Dumas aime les châteaux, il s'en est fait même construire un dans les Yvelines à grand frais. Ce château au style très éclectique pensé par l'auteur pour lui est donc à lui seul un matériaux qu'il faut exploiter. Le film n'est pas passé à coté en nous livrant des repérages de châteaux qui auraient enchanté Dumas. Celui du film est le château de la Ferrière qui a été augmenté numériquement pour accroitre son opulence et coller avec la duplicité de notre héros. Se faire passer pour celui que l'on n'est pas voilà bien le cœur du plan de la vengeance qu'il concocte pour ceux qui l'ont injustement condamné.
Tout dans le film est apparence. Toutes les images nous séduisent aucune n'est vrai. Les repérages sont falsifiés, les extérieurs et les intérieurs ne sont pas des mêmes châteaux. Tout parait plus vrai que nature et pourtant tout est faux.
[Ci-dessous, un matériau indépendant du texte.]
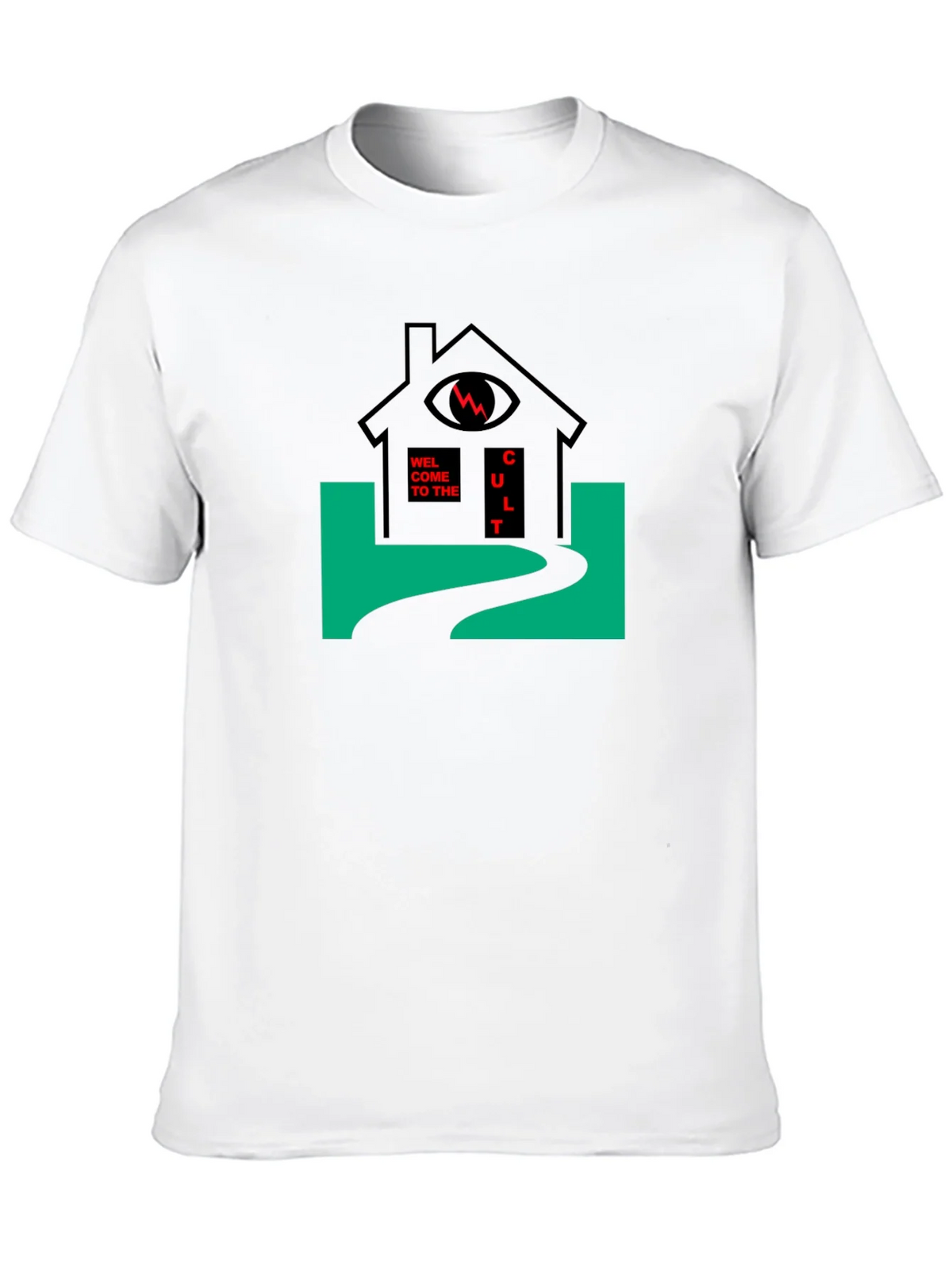 Cult House T-Shirt - Welcome to the product image 9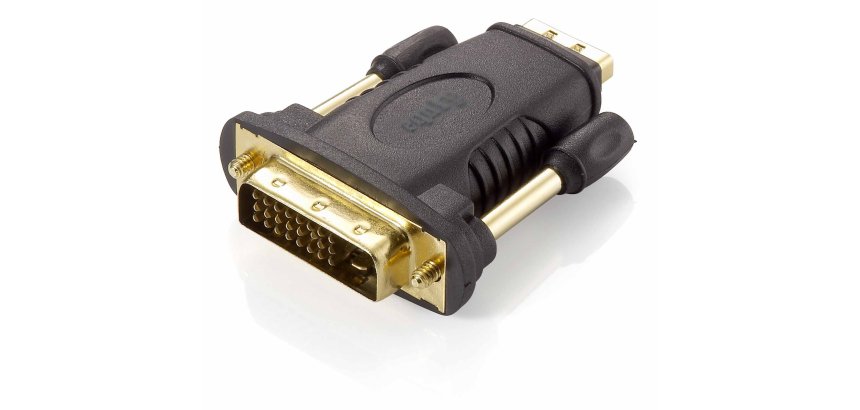 Equip 118908 adattatore per inversione del genere dei cavi DVI (24+1) HDMI A Nero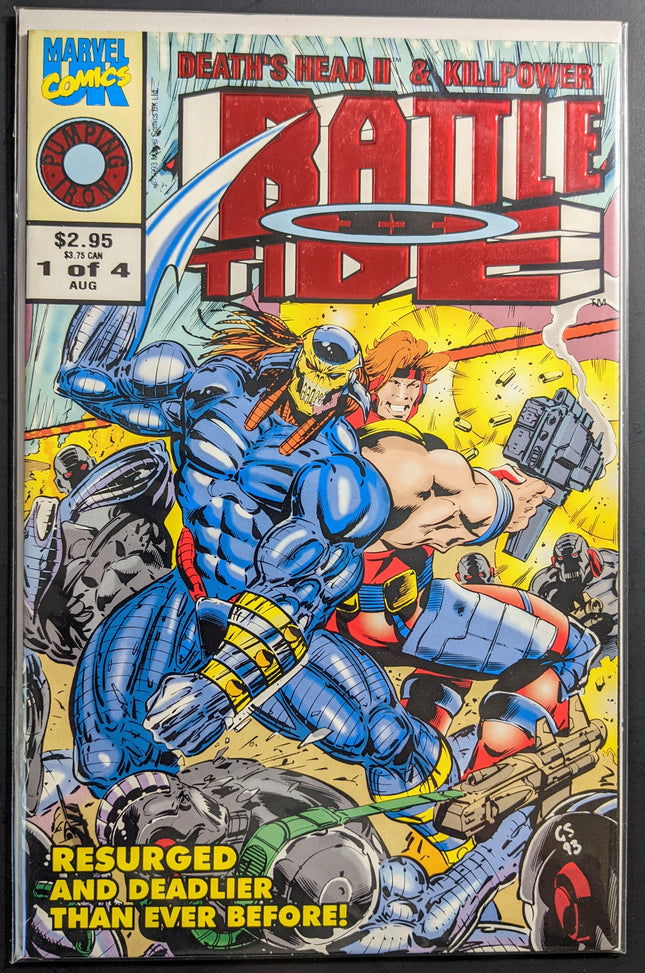 Battle Tide 2 #1 (1993)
Le film comme le Comte se jouent de nous. Malgré ce puzzle infernal que requiert le tournage et le montage d'un tel film ou en passant une simple porte on tourne à 200 km de là, Niney reste impérial. Plus qu'un fil rouge il est notre fil noir qui nous permet de sauter de Paris à Marseille, d'un château à un autre sans que l'intrigue n'en souffre.
Là où les autres Edmond Dantès semblent se raccrocher à leur canne, leur haut-de-forme et leur cape pour personnifier le mystère et le doute, Pierre Niney se met à nu pour nous livrer une implacable interprétation de la noirceur qui peut gagner les âmes les plus nobles. L'intrigue de Dumas est magnifiquement écrite. Fallait il encore savoir la simplifier pour montrer toute la beauté classique et universelle qu'elle dégage.
La magie de la littérature s'opère dans la salle nous devenons Edmond et comme lui nous doutons. La littérature a ce pouvoir de déjouer la métronomie du temps qui passe pour la remplacer par celui de la conscience qui dure. Toute la merveille des images du film ne sont là que pour servir une seul but et c'est là toute sa force, celui de nous poser cette ultime question : aurions nous fait pareil?